** Task requirements **
Although the records contain pictures, the copy should leave them out and match everything else exactly.

___ Supplied data

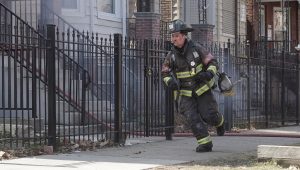 Chicago Fire Saison 3 Episode 21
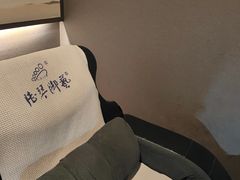 -陆琴脚艺·足浴·SPA(夫子庙店)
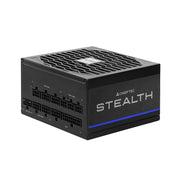 Chieftec Stealth 1000W Vega M Series SPX-1000-FC 80+ Platin strömförsörjningsenheter
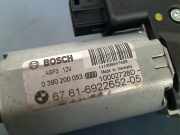 Schiebedachmotor 0390200053 BMW 5 serie Touring (E61) Kombi 520i 16V (N43-B20A) 2009-02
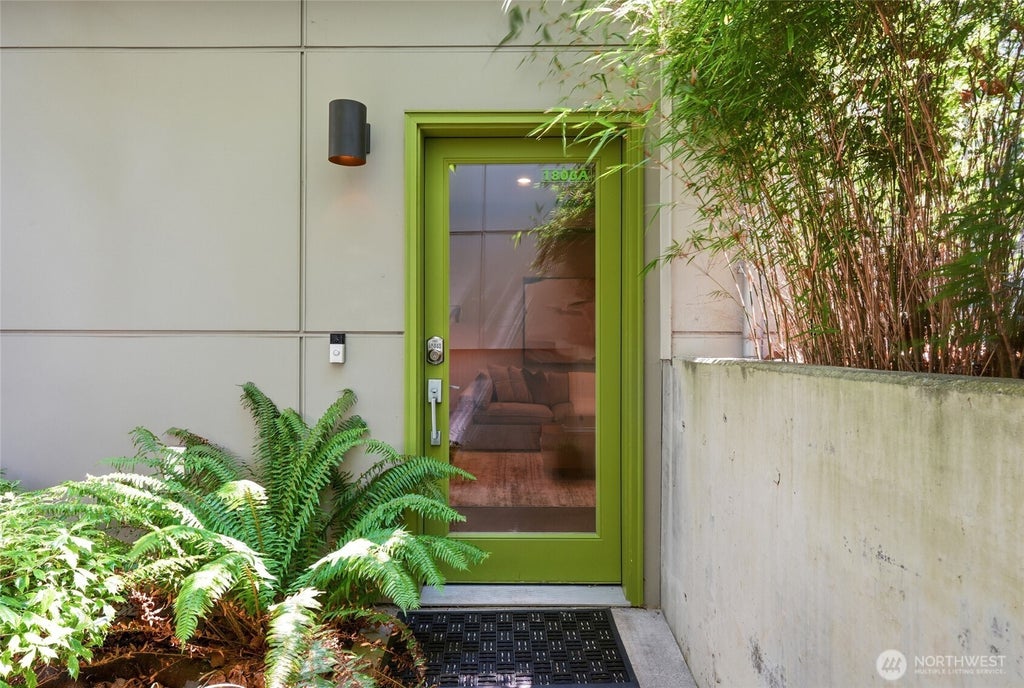 Photo of 1806 25th Avenue #A, Seattle, WA 98122 (MLS # 2558842)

______

** Finished task **
 Chicago Fire Saison 3 Episode 21
 -陆琴脚艺·足浴·SPA(夫子庙店)
 Chieftec Stealth 1000W Vega M Series SPX-1000-FC 80+ Platin strömförsörjningsenheter
 Schiebedachmotor 0390200053 BMW 5 serie Touring (E61) Kombi 520i 16V (N43-B20A) 2009-02
 Photo of 1806 25th Avenue #A, Seattle, WA 98122 (MLS # 2558842)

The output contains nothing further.